**Exercise brief**
Below this line is the material. Write out only its lines from the one containing "Close-up of stacked" through the one containing "Asiatische Frau ist", both kept, exactly.

**Information supplied**
┌────────
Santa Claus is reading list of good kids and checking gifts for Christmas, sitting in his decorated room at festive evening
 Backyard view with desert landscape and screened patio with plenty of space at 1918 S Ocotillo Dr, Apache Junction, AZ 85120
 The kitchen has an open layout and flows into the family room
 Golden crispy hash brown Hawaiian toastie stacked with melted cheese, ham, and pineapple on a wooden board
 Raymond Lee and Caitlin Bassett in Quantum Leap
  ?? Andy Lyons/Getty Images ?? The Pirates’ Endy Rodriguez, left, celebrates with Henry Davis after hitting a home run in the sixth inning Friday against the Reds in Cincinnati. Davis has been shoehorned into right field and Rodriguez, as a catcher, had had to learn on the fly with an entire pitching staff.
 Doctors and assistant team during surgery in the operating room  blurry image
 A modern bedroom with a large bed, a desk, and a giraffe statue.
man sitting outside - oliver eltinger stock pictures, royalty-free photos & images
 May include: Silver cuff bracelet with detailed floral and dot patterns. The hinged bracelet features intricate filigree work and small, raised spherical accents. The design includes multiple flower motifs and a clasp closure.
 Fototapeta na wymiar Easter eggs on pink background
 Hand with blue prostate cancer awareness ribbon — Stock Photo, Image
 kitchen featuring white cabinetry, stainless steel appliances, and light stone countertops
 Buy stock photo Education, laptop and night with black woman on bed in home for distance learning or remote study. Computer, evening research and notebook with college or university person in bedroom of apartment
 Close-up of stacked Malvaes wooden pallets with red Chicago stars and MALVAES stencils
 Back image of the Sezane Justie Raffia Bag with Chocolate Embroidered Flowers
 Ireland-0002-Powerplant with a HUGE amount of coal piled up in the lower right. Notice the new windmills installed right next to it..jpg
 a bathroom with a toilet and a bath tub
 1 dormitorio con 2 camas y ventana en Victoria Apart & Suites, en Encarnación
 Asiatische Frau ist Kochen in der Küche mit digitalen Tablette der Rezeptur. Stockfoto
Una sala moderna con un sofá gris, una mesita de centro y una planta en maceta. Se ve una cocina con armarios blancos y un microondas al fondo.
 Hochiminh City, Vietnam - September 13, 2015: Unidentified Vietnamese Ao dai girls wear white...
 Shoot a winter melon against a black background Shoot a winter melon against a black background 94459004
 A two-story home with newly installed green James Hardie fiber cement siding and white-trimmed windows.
└────────
**Task result**
 Close-up of stacked Malvaes wooden pallets with red Chicago stars and MALVAES stencils
 Back image of the Sezane Justie Raffia Bag with Chocolate Embroidered Flowers
 Ireland-0002-Powerplant with a HUGE amount of coal piled up in the lower right. Notice the new windmills installed right next to it..jpg
 a bathroom with a toilet and a bath tub
 1 dormitorio con 2 camas y ventana en Victoria Apart & Suites, en Encarnación
 Asiatische Frau ist Kochen in der Küche mit digitalen Tablette der Rezeptur. Stockfoto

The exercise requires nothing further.